Only the lines from the line containing "Obraz trees in the park" to the end of the material belong in the copy; set them down exactly, without pictures.

▽

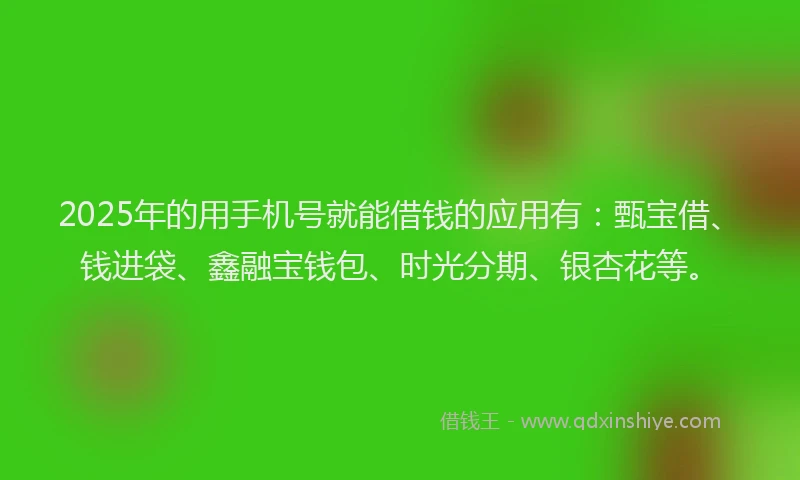 2025年的用手机号就能借钱的应用有：甄宝借、钱进袋、鑫融宝钱包、时光分期、银杏花等。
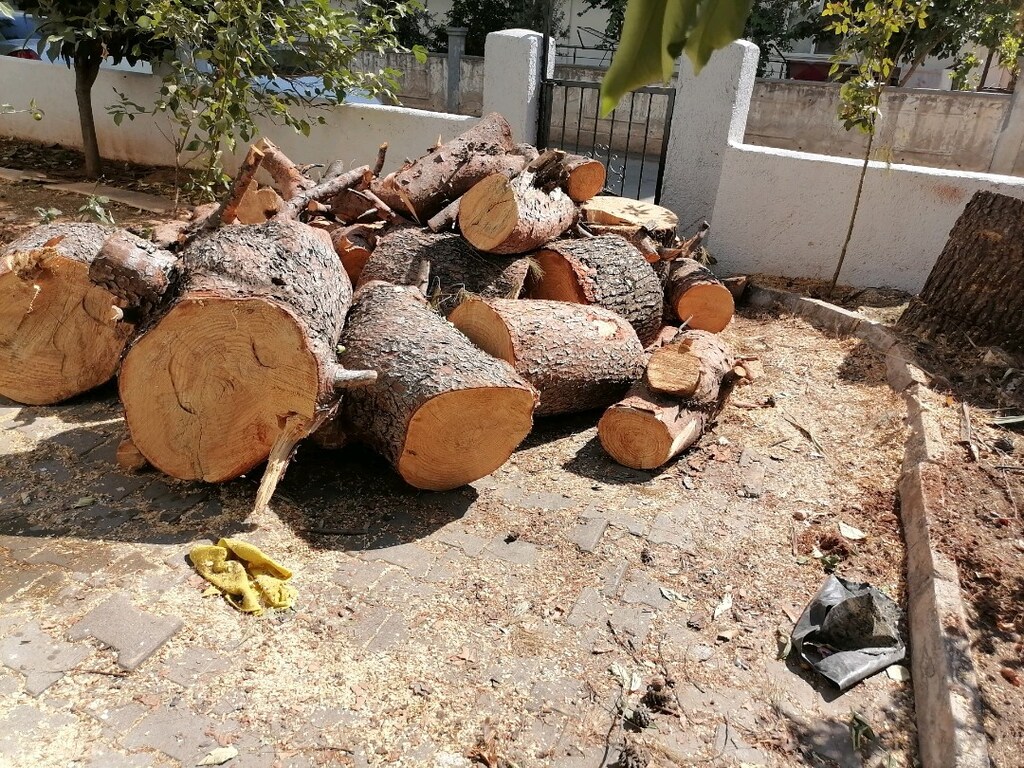 Odun - 2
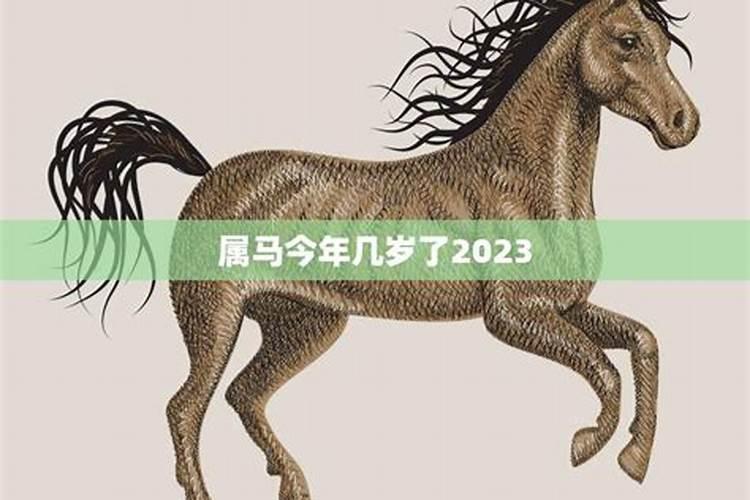 属马今年几岁了2020年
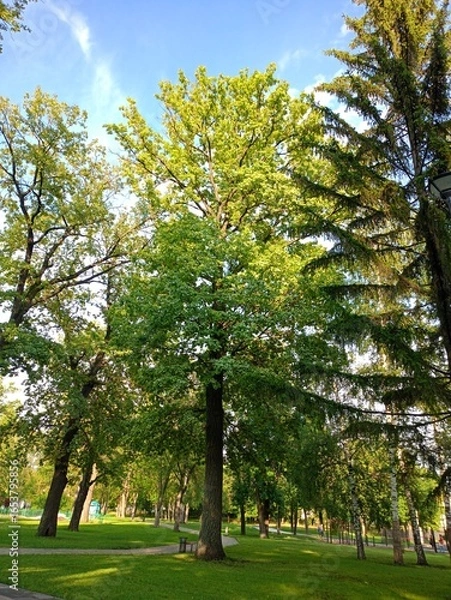 Obraz trees in the park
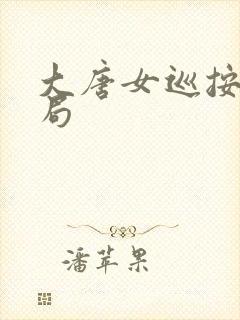 大唐女巡按大结局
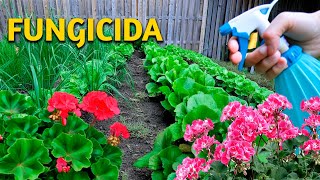 SOLUCIÓN DEFINITIVA para HONGOS con este FUNGICIDA CASERO para plantas huerto o jardín [upl. by Esoranna]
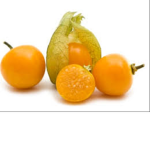 Latern Fruits >w<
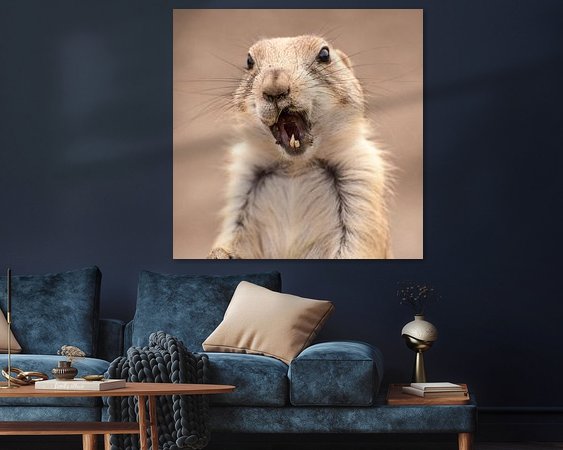 Voorbeeld van het werk in een kamer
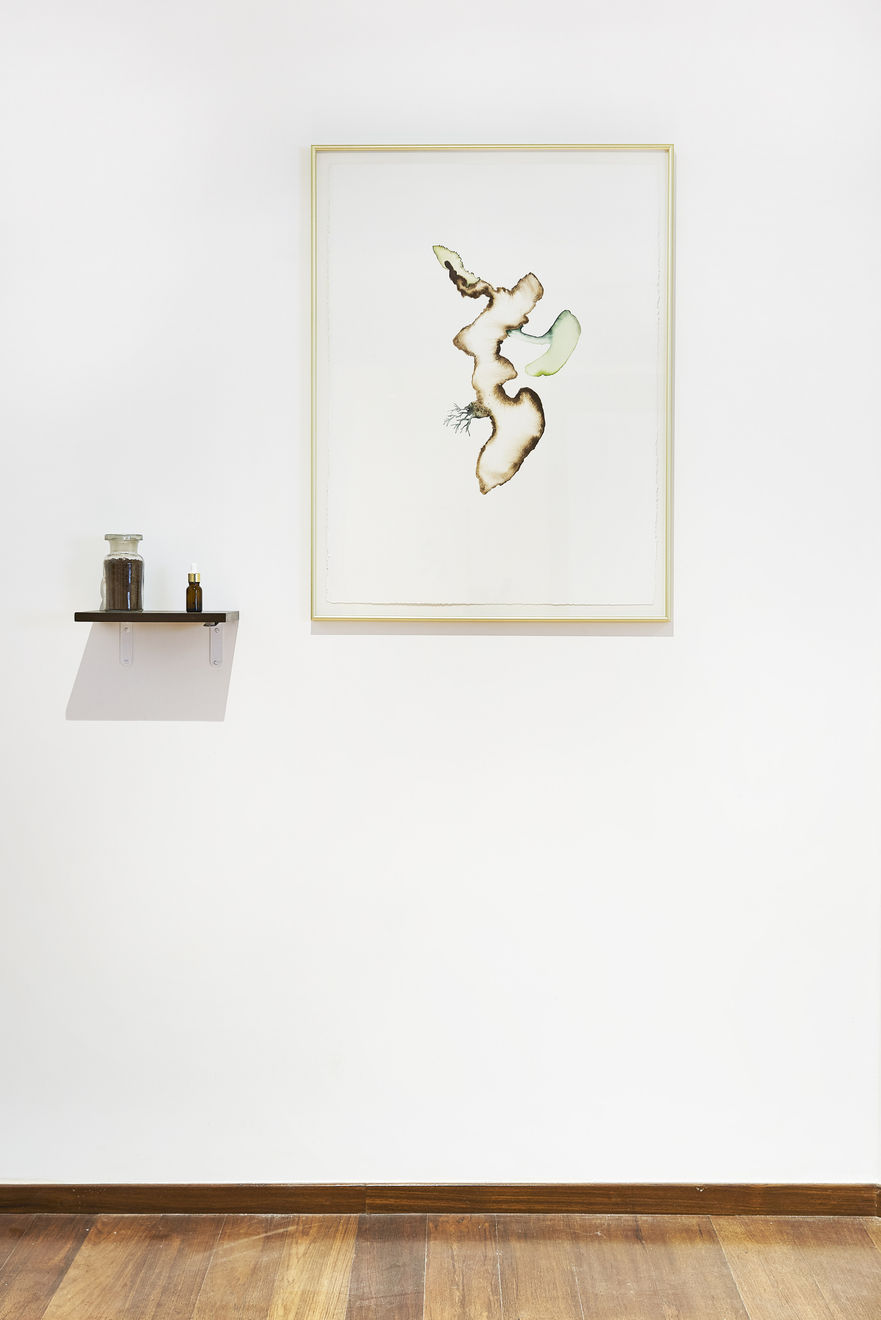 Apnavi Makanji, 18.7526093, 73.4053331, 2019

△

## Result of the task
 Obraz trees in the park
 大唐女巡按大结局
 SOLUCIÓN DEFINITIVA para HONGOS con este FUNGICIDA CASERO para plantas huerto o jardín [upl. by Esoranna]
 Latern Fruits >w<
 Voorbeeld van het werk in een kamer
 Apnavi Makanji, 18.7526093, 73.4053331, 2019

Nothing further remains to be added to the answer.